In the first part of this series, we covered basic settings that can give you a few fast wins when tuning performance. We explained how you can tune pooling options to send more parallel requests over the wire, and we explained how you can decrease socket timeout to get a fail-fast scenario, where you can handle these failures before they create bottlenecks for your application.
In this part, we will concentrate on some more advanced features. Speculative executions let drivers issue parallel requests if some threshold is not reached — and latency-aware load balancing policy measures and penalize slow performing nodes and leverages nodes with good performance.

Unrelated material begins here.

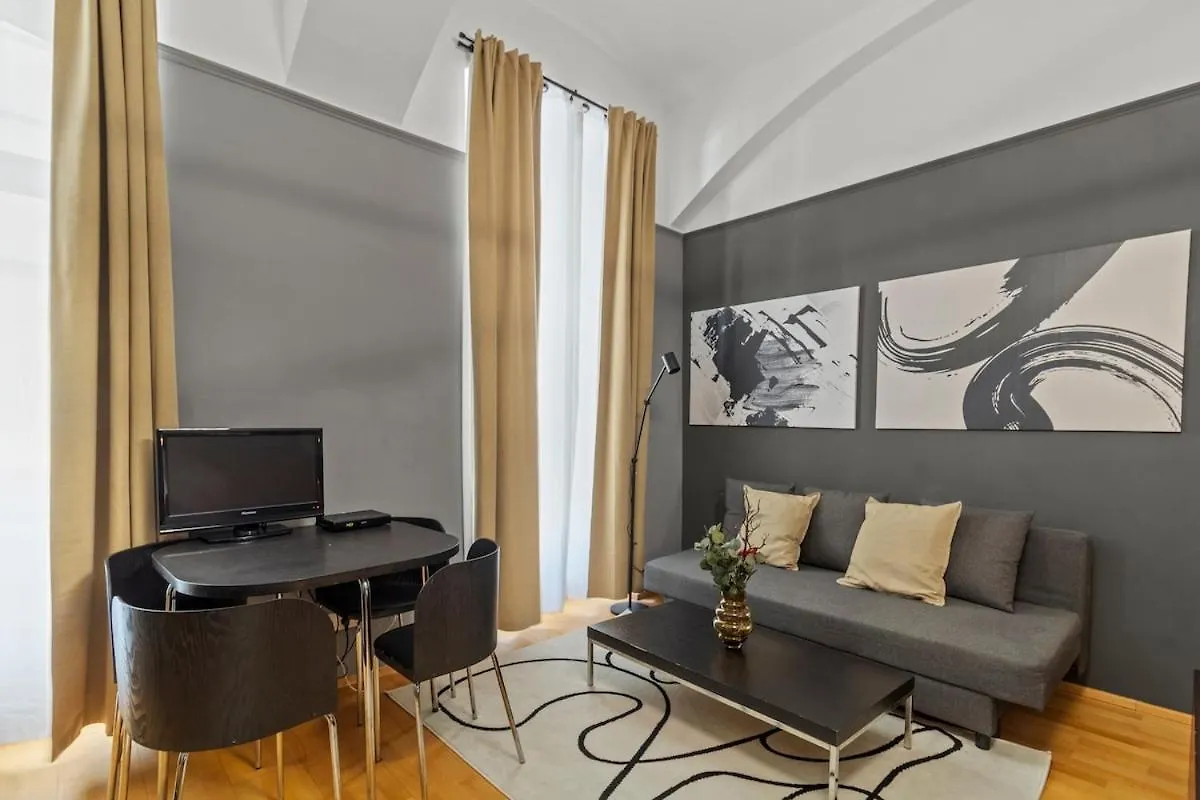 Appartement Neben Augarten I 5 Min To Metro I 10 Min To City Wenen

If you have a hard latency threshold and have some room to make additional requests to your cluster, you might try this driver option. It is off by default. You can enable this by adding the implementation of
Cluster, like this:
SpeculativeExecutionPolicy mySpeculativeExecutionPolicy = new ConstantSpeculativeExecutionPolicy(50,2); Cluster.builder().addContactPoints(nodes).withSpeculativeExecutionPolicy(myPolicy).build();
In the above example, we are telling the driver to wait for the first request for 50 milliseconds (the first parameter in policy construction) and, if it does not receive the request, to issue an additional request to the next available host. The second parameter is telling the driver the maximum number of attempts, excluding the initial one. So in our example, we will issue a maximum of three requests. When the first request successfully returns it will cancel the other ongoing requests for this session id. This means that if after 50 milliseconds the driver does not get a response it will contact the next available host, but if it gets a response from the first host after let’s say 75ms, it will cancel the ongoing request to the second host.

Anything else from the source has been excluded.